THE AX is a book about murder --- not crazed psychotic murder, but cold-blooded, intelligent murder --- survival of the fittest murder. Meet Burke Devore, the protagonist and antagonist of this twisted and terrifying novel. He seems like a regular guy --- fifty-something-years-old, married with two grown children --- but he's been out of work for over two years. And he's a killer.
What makes an ordinary hardworking man a killer? Westlake explores what happens to a man's mind and spirit when he is axed, fired, let go. After twenty-five years of devoted service as a paper mill manager, Burke is laid off when his mill merges with another. Suddenly he is no longer needed. At first the grim reality of the situation does not hit home. After all, there's a severance package and back vacation pay to look forward to. There's the promise of new opportunities on the horizon. But two years later there is nothing on the horizon for Burke. His children are growing up and leaving home, his marriage is strained, and he is still unemployed.

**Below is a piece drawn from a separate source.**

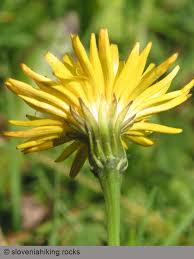 Attēlu rezultāti vaicājumam “Leontodon hispidus”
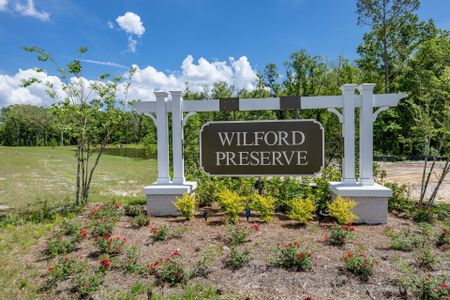 Wilford Preserve by Dream Finders Homes in Orange Park - photo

That's when Burke decides to take charge of his destiny. No, he doesn't go out and buy more resume paper. Instead he masterminds a plan to eliminate the competition. He knows at age fifty-plus he is not an ideal candidate for a job. At best he'd be the second or third choice --- if he was lucky. In Burke's very logical and intelligent mind, the only answer is for him to terminate his competitors. Not a violent man by nature, Burke puts all of his energies into tracking down these unlucky men --- who like him are unemployed for similar reasons --- and murders them.

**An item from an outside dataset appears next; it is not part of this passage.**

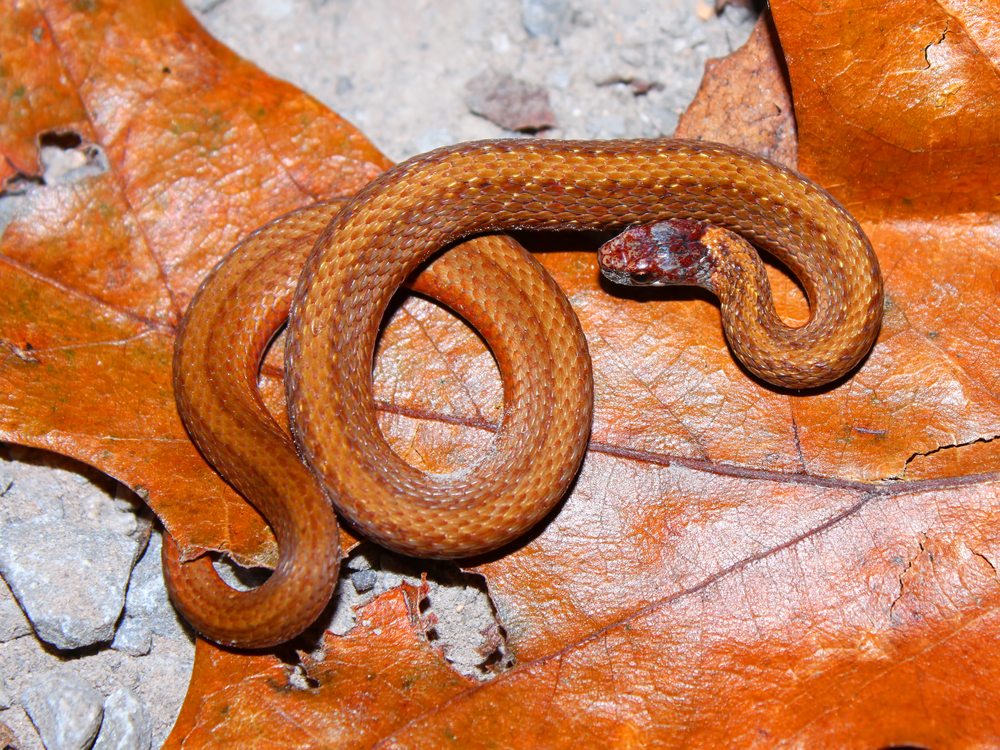 Redbelly Snake on top of a dead leaf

The idea sounds almost maudlin, and it would be if Burke was this crazy loon running around the paper mill drowning people in vats of pulp. But here's the thing --- he doesn't go "crazy," at least like you'd think. He has a plan and successfully executes it...no pun intended. Burke is not some weird off-the-wall character. He's an average man with an above average problem who decides to change his fate in a very uncommon way. Although satirical, the frightening thing about this novel is you almost believe it could happen. And you even find yourself understanding Burke's position, even while you are sickened by his actions.

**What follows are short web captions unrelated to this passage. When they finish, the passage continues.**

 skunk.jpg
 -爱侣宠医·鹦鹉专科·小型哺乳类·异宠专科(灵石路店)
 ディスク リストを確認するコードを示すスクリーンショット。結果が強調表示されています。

The first time Burke kills it goes surprisingly well. No complications, no big mess, and he's home in time for dinner. But the next one goes terribly wrong, and for one night Burke writes a confession and thinks about turning himself in. He can't believe that he is a murderer. Then he wakes up and feels better. His conscience has cleared with his tears from the night before. He rationalizes:
"How terrible I felt last night. Tense, anxious, terrified, unable to sleep. I'm glad writing this made it possible for me to lose consciousness for a while. I meant all of this last night, I know I did. Everything seemed so hopeless...I'm not used to this sort of thing, it would be hard enough to do it even if they all went smoothly and cleanly...I sympathize with the me from last night, who felt such despair...and apologized to his victims. I too would apologize to them, if I could. I'd leave them alone, if I could. I take the confession with me, folded in my pocket. I'll burn it later."
So Burke continues onward with his demented plan, and never looks back. Although fast-paced and extremely suspenseful, THE AX is not always an easy novel to read because you fluctuate between wanting him to get caught and wanting him to escape. By the time I got to the end I knew only one thing for sure --- no job is worth killing for or dying for. I hope I never run into a Burke. I hope I do not know one now.